Drop every picture, then transcribe the remaining data exactly.
*** DATA SUPPLIED Section Begins ***
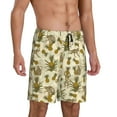 thumbnail image 1 of Mens Pajama Pants - Monkeys And Pinealpples Sleep Shorts Mens Pajama Shorts, Comfy Pj Pants for Mens Lounge Shorts, 1 of 5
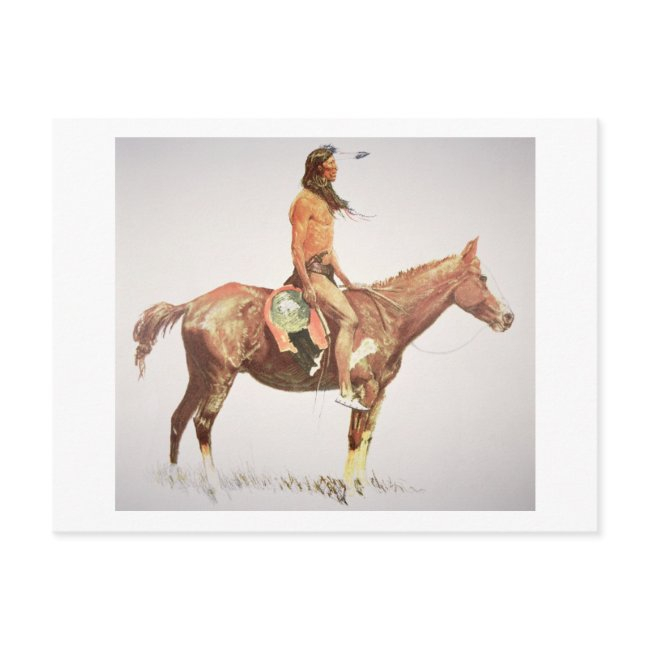 A Cheyenne Brave, 1901 (colour Litho) Postinvitations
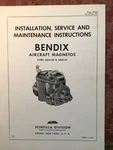 Bendix Magneto Type S6LN-50 & S6LN-51 Install Service, And Maint. Instructions. Fixed Price $17.95.
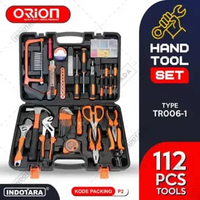 Orion TR006-1 Toolbox Hand Tool Kit Set hitam polos
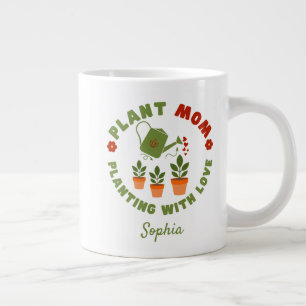 Grande Tasse Maman plante Planter Avec Amour Personnalisé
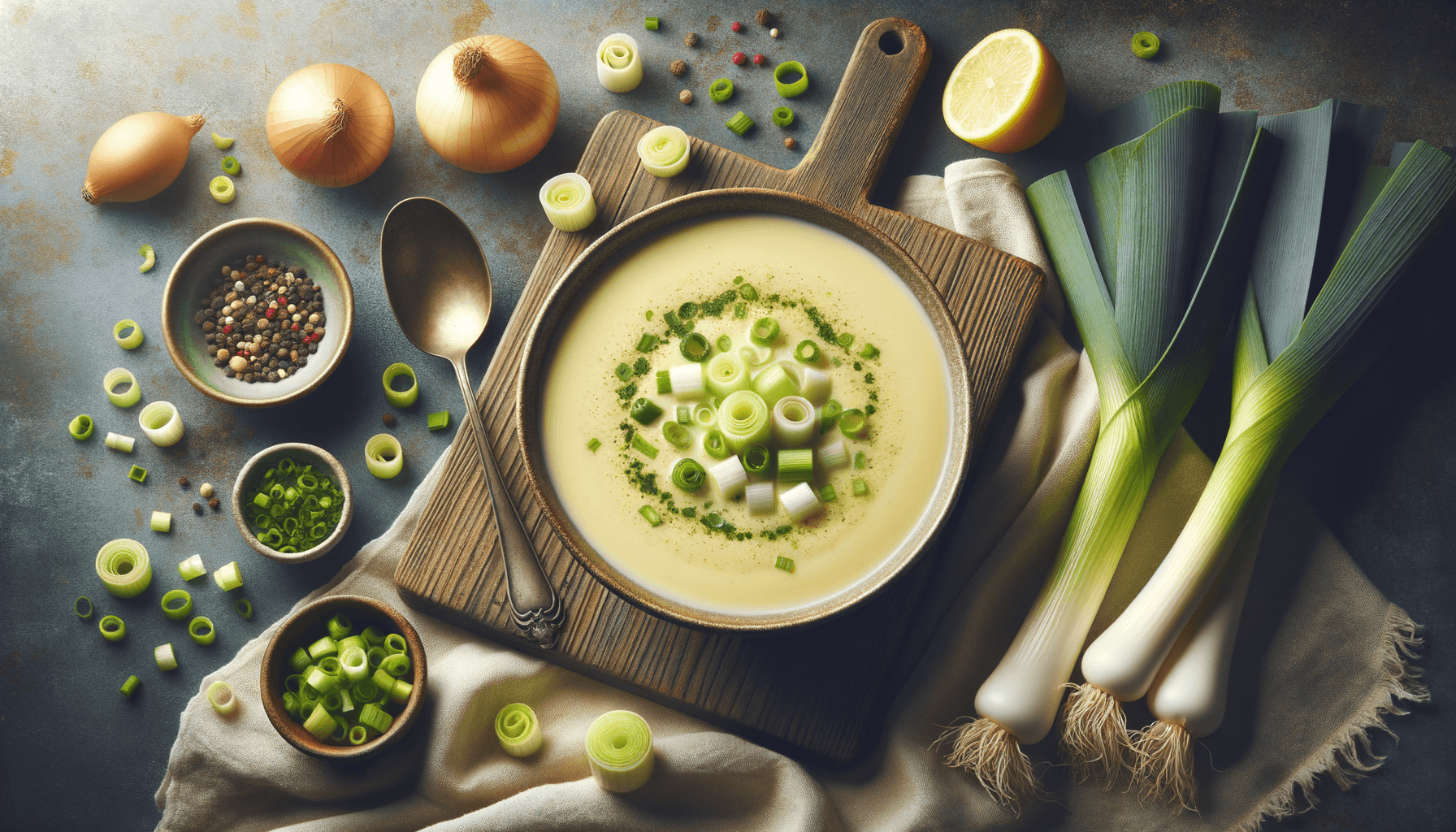 Samtige Lauchcremesuppe: Das Rezept für Wohlfühlmomente mit Geschmack und Gesundheitsnutzen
*** DATA SUPPLIED Section Ends ***
▸ **TASK SOLUTION**:
 thumbnail image 1 of Mens Pajama Pants - Monkeys And Pinealpples Sleep Shorts Mens Pajama Shorts, Comfy Pj Pants for Mens Lounge Shorts, 1 of 5
 A Cheyenne Brave, 1901 (colour Litho) Postinvitations
 Bendix Magneto Type S6LN-50 & S6LN-51 Install Service, And Maint. Instructions. Fixed Price $17.95.
 Orion TR006-1 Toolbox Hand Tool Kit Set hitam polos
 Grande Tasse Maman plante Planter Avec Amour Personnalisé
 Samtige Lauchcremesuppe: Das Rezept für Wohlfühlmomente mit Geschmack und Gesundheitsnutzen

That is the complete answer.